Why AI share of voice is the wrong metric, and what to measure instead

Share of voice has a straightforward origin. In advertising, it measured the proportion of category media spend controlled by a brand. In social media, it counted the proportion of brand-relevant conversations. In SEO, it tracked the share of organic keyword impressions. The formula is the same across all contexts: brand metric divided by total market metric, multiplied by 100. Sprout Social describes it as “the measure of the market conversation your brand owns compared to your competitors.” HubSpot calls it the metric that “allows you to compare brand awareness on different marketing channels against your competitors.”

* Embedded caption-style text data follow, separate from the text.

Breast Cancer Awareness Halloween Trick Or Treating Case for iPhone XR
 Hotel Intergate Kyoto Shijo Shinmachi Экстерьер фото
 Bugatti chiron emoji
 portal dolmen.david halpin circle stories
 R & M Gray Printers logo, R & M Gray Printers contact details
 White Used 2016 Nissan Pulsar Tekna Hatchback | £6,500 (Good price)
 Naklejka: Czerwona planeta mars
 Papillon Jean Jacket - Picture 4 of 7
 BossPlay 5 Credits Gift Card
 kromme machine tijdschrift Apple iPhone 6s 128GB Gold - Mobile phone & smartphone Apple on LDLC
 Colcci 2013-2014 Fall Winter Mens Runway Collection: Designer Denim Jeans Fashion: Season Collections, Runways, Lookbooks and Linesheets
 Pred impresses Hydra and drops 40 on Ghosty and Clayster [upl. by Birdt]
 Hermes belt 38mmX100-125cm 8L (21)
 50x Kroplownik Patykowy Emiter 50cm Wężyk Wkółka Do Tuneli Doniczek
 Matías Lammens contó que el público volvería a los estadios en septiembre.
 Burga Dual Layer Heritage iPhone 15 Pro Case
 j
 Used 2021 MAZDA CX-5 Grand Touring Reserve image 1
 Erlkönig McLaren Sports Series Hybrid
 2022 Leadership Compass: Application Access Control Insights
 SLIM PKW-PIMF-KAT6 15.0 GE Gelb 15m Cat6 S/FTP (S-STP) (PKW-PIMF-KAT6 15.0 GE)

For B2B SaaS vendors, where buyers now routinely open ChatGPT or Perplexity before visiting any vendor website, AI visibility has become a live commercial concern — and share of voice has become the default way to measure it. When commercial AI visibility tools emerged, they applied this same logic to AI-generated responses. Semrush defines its AI share of voice as “the percentage of mentions your brand receives in AI-generated answers compared to competitors in your market.” Profound defines it as “Your citations / Total citations across competitors.” Tools including Peec and Otterly use functionally similar approaches. As Discovered Labs noted in a review of these platforms, none of the three explicitly detail their specific share of voice methodologies, but the underlying logic is consistent: count presence, divide by the total, express as a percentage.

This is not an unreasonable starting point. The problem is that it is only a starting point, and the AI search environment exposes its limits in ways the advertising and SEO contexts did not. Share of voice counts presence. In AI search, presence is not the same thing as consistent, broad-based representation — and the distinction matters more than the metric acknowledges.

A cybersecurity vendor might appear in nearly every AI response to “what is zero trust architecture” while being absent from the broader enterprise security queries its buyers actually run during shortlisting. A share of voice score covering both scenarios treats them identically. The metric does not know the difference.

The foundational critique of share of voice is not new. Sprout Social states it plainly: “While this formula provides a basic understanding of SOV, it doesn’t capture everything. Qualitative factors, such as the impact and relevance of mentions, also play a crucial role.” In advertising this limitation was manageable. Presence in a media buy is relatively uniform. A brand appearing in a 30-second television slot is, broadly speaking, present in a comparable way across placements. The counting shortcut was defensible because the underlying phenomenon was relatively stable.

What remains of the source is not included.